„If Hungary’s news industry is drifting towards the Putinist model of a controlled state media it has a long way to go. The most popular online news sites in Hungary, and around half of the main newspapers and broadcasters, are vehemently critical of the government. Something you cannot really call a totalitarian media landscape. However, they are all struggling with vanishing advertisers and are financially overexposed to their owners’ business interests and government PR spending.
This story is about how foreign media ownership distorted a small market and left it highly vulnerable when search engines hijack ad revenues, and social media demolish traditional news distribution. (...)
Western media conglomerates bought up Hungarian newspapers like cheap candy in 1989 and 1990, before, during and immediately after the first free democratic parliamentary elections. For example, in the very final hours of Hungarian communism, in 1990, the German company, Axel Springer, the WAZ group, an Austrian and an English investor struck hasty deals with the communist party (or its successor, MSZP), to buy regional newspapers (with a combined daily circulation of at least 1.2 million people at that time).

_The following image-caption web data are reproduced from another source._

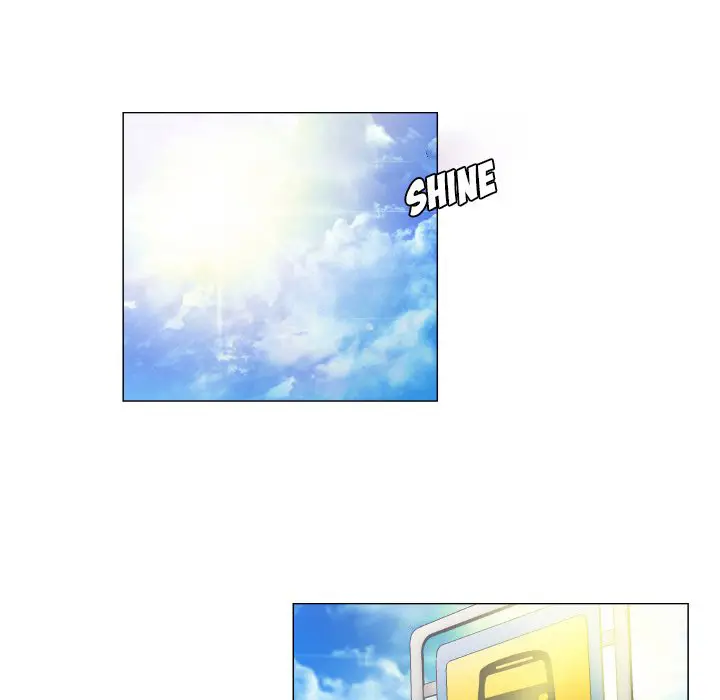 image-komik-god-of-app-chapter-48-19/36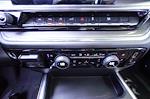 2023 Chevrolet Silverado 1500 Crew Cab 4x4 Pickup for sale #G11767A - photo 22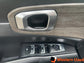 2022 Kia Sorento EX AWD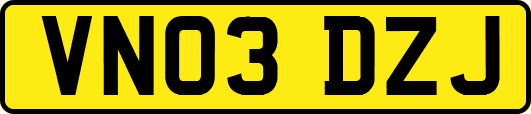 VN03DZJ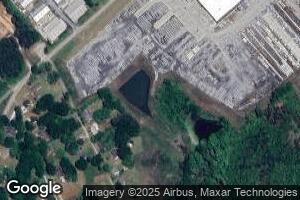 2999 Fairforest Clevedale Rd, Spartanburg, SC 29301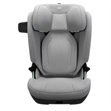 Miniaturebillede af Thule Palm R129 100-150cm Grå Autostol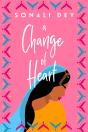 Change Of Heart - Preview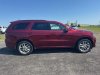 Pre-Owned 2022 Dodge Durango GT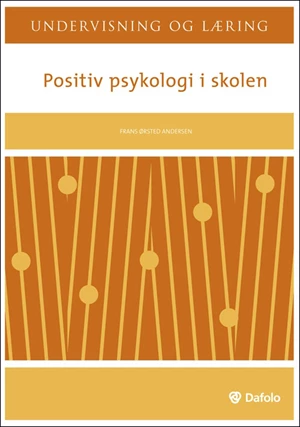 Positiv psykologi i skolen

Since news publishing is no longer a profitable business, and in the face of falling circulation, these very same grocers have recently been seen »restructuring their portfolios« or fleeing their Hungarian investments altogether.
Any independent and free press in a democracy (and Hungary is still one, contrary to popular assumptions in the western media) needs sound financial foundations, a viable business model of quality journalism. This is something that the news industry does not have any more, not only in Hungary but in the whole western world.”